About french legislation and FYI:
The purpose of this french law is not protect the french language per se. The purpose is to protect the consumer/citizen from ads or user manuals that would not be written in french and therefore reduce his/her capability to understand the terms and conditions of a contract or just for safety reasons: what if you cannot read and understand how to properly use a risky device ?
It is true that the government documents must be written in french but no more as official senate documents must be written in english I suppose... Can you imagine an american law written in, say, german or swahili ?
French is certainly a dying language (by numbers) as are maybe 90 % of the languages on Earth.
And this is terribly sad thing - from a cultural perspective - because language richness translates to conceptual accuracy and philosophical wealth; reducing the language(s) is reducing our capability to ... think as it is outstandingly described in '1984': to prevent political opposition, the government chose to narrow the capability to think by reducing the number of available words (NovLang).
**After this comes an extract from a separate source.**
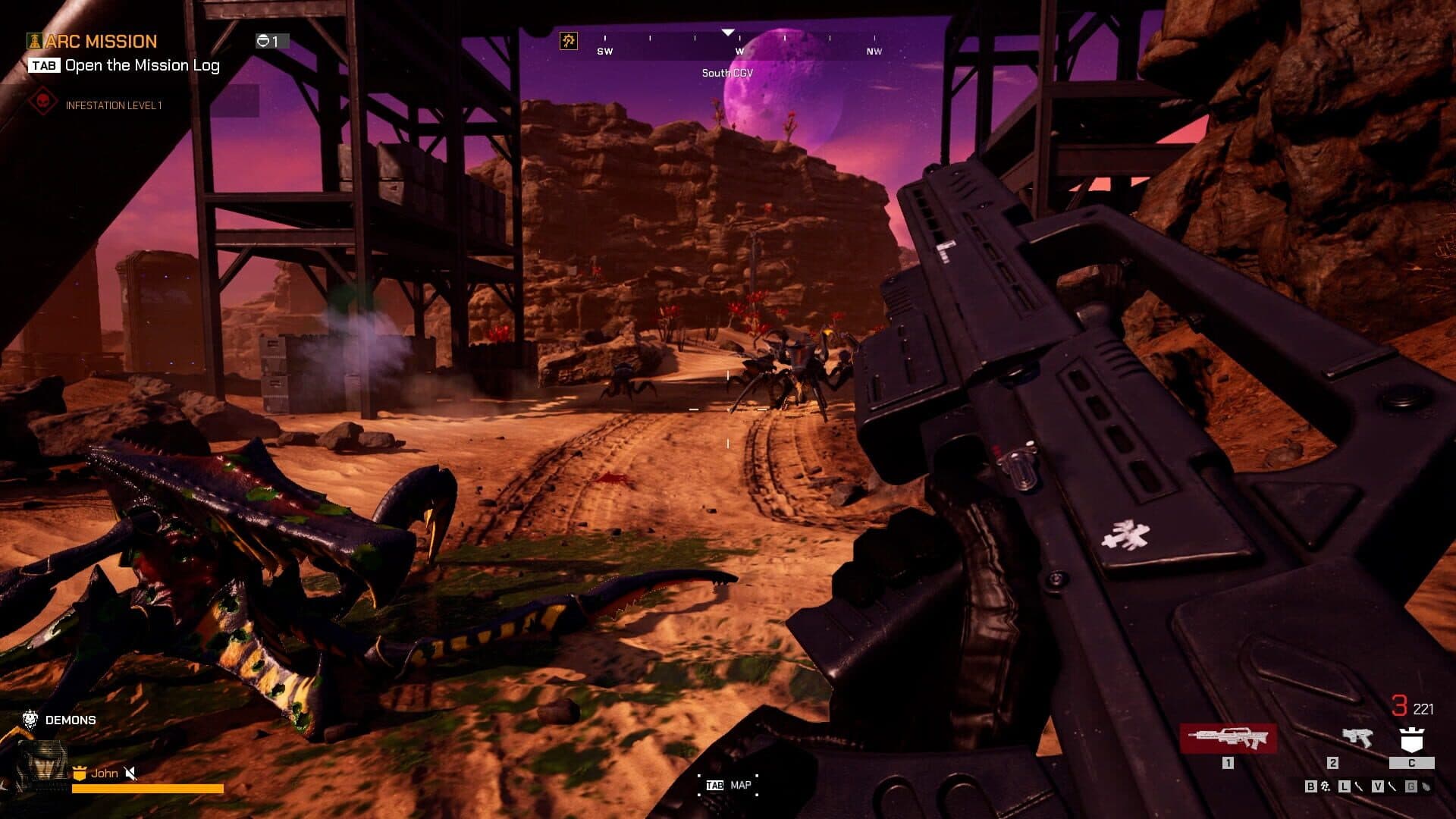 اسکرین‌شات Starship Troopers: Extermination - 8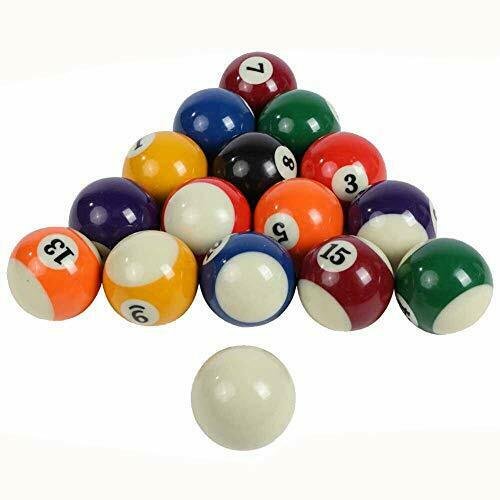 TGA Sports Billiard Balls Pool Balls Set, 1.5-Inch Billiard Balls Set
While the internet could have been (and certainly somehow will...) a thrilling opportunity to increase the cultural exchanges, the "free" market which is taking over it will certainly actually decrease them, by pushing everybody towards a common standard that, I am convinced, will not be the highest one...
From this influence, the day-to-day french is acquiring a lot of english words that participate to its enlightment. But as does english with french words ("cliché", "force majeure", "coup", etc.).
If the world ends up only with Mac Do, Disney and Coca-Cola and only them, we will be collectively losing.
That's why, I think, this french law is a good thing.
PS: Please excuse my poor english, which, obviously, is not my mother tongue.